I've met Dennis a couple times - My old partner Barney & he were once considering guiding together & following them South. ( I had a conversation with him, in the Illinois forum -over there)

They are both from a generation, that like younger folks to respect them.(even if they are full of it 1/2 the time) :roll:

But he has been there done alot - (some good & some bad) I'm sure :-?

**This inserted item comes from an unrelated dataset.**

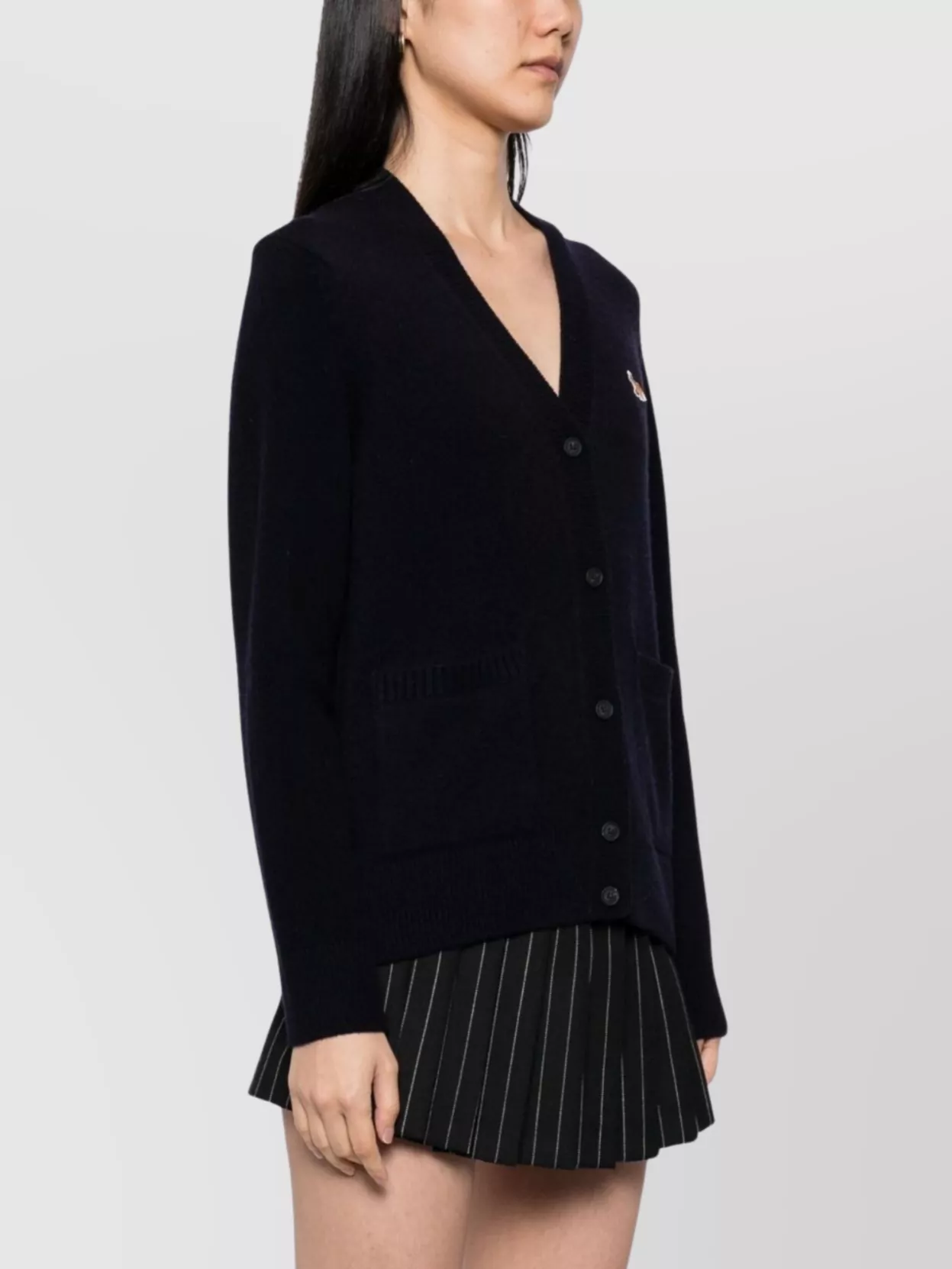 Maison Kitsuné V-Neck Long Sleeve Wool Cardigan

He is one of the few who has tried to capitalize on the written word side of SOB hunting & profiting from the resource. Thats when it goes from FUN to Work - & rules & lines, get stricter & fuzzier at the same time. I'd dare say most that want to profit today, are not real Hunters at all. & are ripping off far more than they Help.


----------



## GooseBuster3 (Mar 1, 2002)

Hi my name is theee Dennis Hunt and i have shot 10,000 geese, i still dont believe one bit of that ****. He is just old and senile I cant wstand him!!!


----------



## nodakoutdoors.com (Feb 27, 2002)

Classic Matt....simply classic.

By the way, you owe me 30 minutes for the time I wasted reading all of the posts. My attorney will be in touch. :wink:


----------



## cranehunter (Jan 8, 2003)

Matt,
I am going to have my lawyer contact you as I am sueing you for making me bust a gut laughing at your banter with Dennis Hunt. :lol:


----------



## mallard (Mar 27, 2002)

What did you guys think when he threatened to sue rio for asking for a listing of the 16 companies that he represents,or the two awards he supposadly won?Every time I read a story by Mr Hunt I just shake my head and wonder where does he come up with this stuff.


----------



## Ron Gilmore (Jan 7, 2003)

THANK YOU FOR THE HUMOR OF THE DAY THE POSTS WHERE GUT SPLITTNG FUNNY, I HAVE MET DENNIS AND THEY DRILLED HIM TO THE TEE!!!!!!!!!!!!!!!!!!!


----------



## Austin Bachmeier (Feb 27, 2002)

UH, yeah, I killed a million geese in over 30,000 hours of experience in the goose field. 2 of them landed on a Dairy Queen where they can see 2,000 miles in every direction. Remeber if you hunt near a dairy queen that CONCEALMENT is a must. We use white sheets with chocolate sprinkles painted on. THIS IS HOW IT WORKS. I hope you learned something from me, and go buy my books.
DENNIS HUNT, friend of the goose hunter!


----------



## SiouxperDave (Sep 3, 2002)

Actually I think he sued for "deflamation" of character. :roll: That guy is a piece of work.


----------



## Qwack (May 25, 2002)

I guess he also tried to blame the decrease in the Eastern Prairie Population (EPP) of Canada geese a few years ago on tribal hunters in Canada. As with the other issues, I don' t think he ever came up with any evidence.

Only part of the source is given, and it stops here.